The task: Directions for the data below: repeat exactly the lines from the one with "Palazzo Ballarò a Mineo" through the one with "SABAL GROVE PLAT TWO - Residential Lease", both included, and omit all pictures.

(Excerpted data)

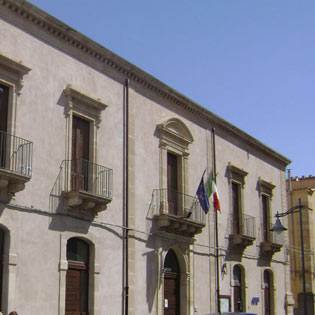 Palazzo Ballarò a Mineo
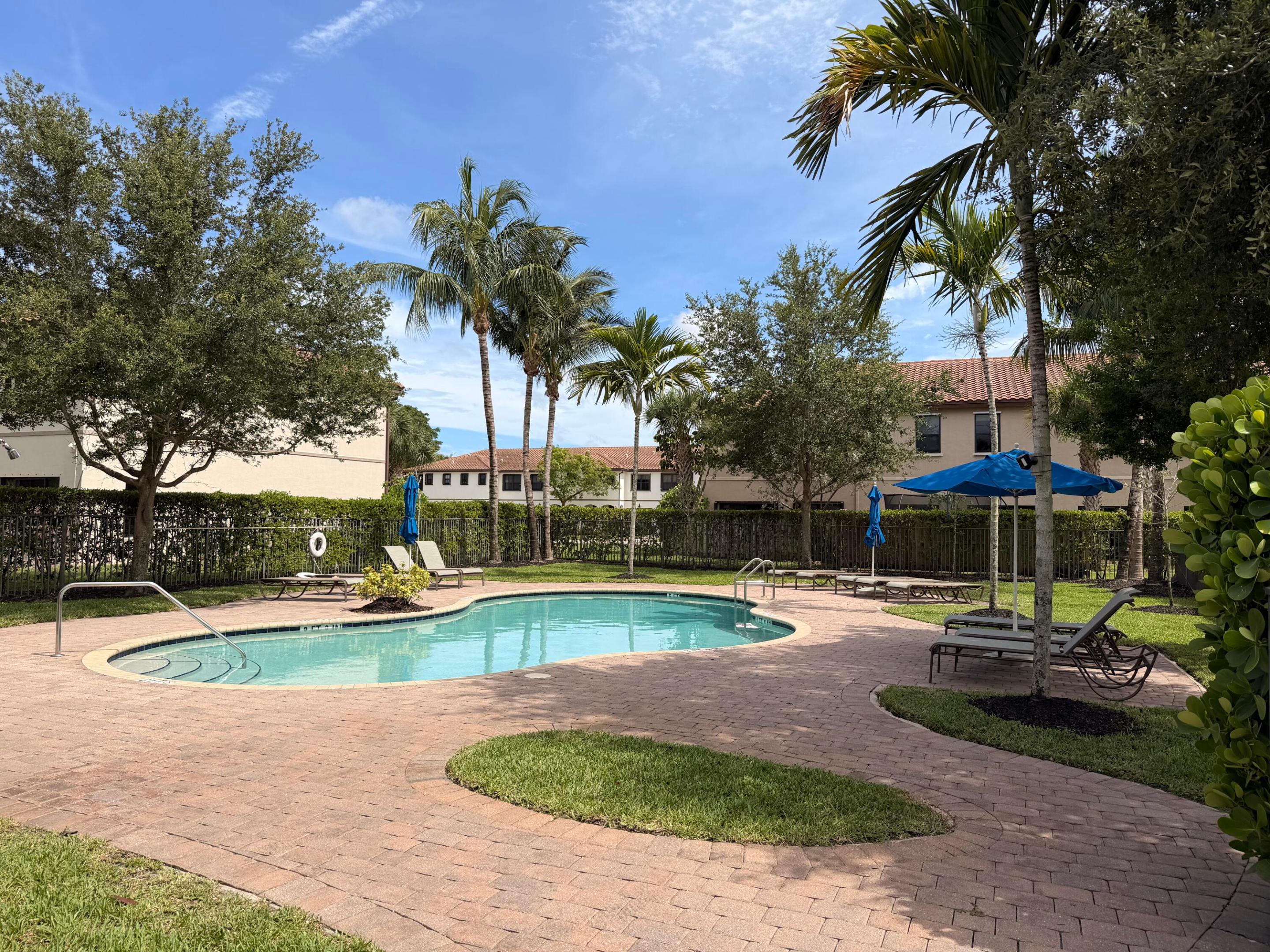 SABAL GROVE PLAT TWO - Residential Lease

(End Excerpted data)
(Excerpted data)

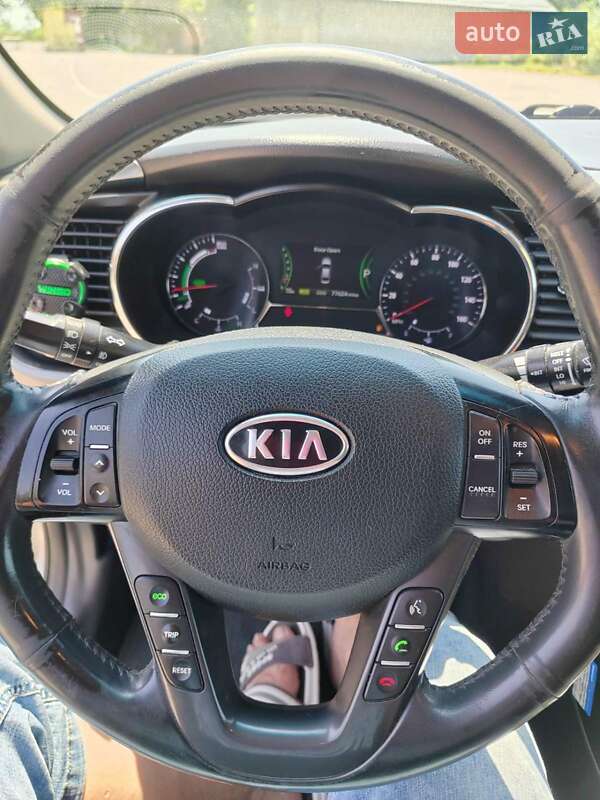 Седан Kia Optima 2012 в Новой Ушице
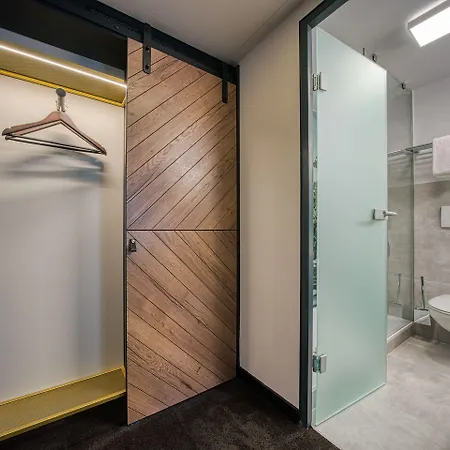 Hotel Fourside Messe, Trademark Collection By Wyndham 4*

(End Excerpted data)

Solution:
 Palazzo Ballarò a Mineo
 SABAL GROVE PLAT TWO - Residential Lease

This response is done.